- Available data:
──────

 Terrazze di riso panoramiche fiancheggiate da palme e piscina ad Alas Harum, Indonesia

──────

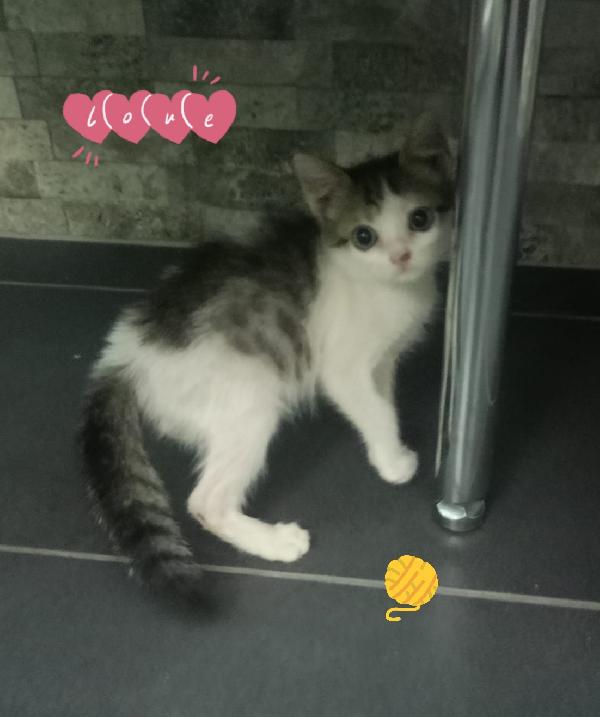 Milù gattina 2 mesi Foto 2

──────

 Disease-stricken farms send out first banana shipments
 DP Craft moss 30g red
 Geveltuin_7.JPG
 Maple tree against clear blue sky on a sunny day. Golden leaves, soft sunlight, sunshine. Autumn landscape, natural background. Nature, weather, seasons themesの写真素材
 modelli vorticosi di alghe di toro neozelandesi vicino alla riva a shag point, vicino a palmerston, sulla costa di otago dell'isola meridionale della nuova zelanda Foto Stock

──────

In the listing above, find the line containing "Maple tree against" and the line containing "modelli vorticosi di". Output them and every line between, exactly, and nothing else.

- Result of this exercise:
 Maple tree against clear blue sky on a sunny day. Golden leaves, soft sunlight, sunshine. Autumn landscape, natural background. Nature, weather, seasons themesの写真素材
 modelli vorticosi di alghe di toro neozelandesi vicino alla riva a shag point, vicino a palmerston, sulla costa di otago dell'isola meridionale della nuova zelanda Foto Stock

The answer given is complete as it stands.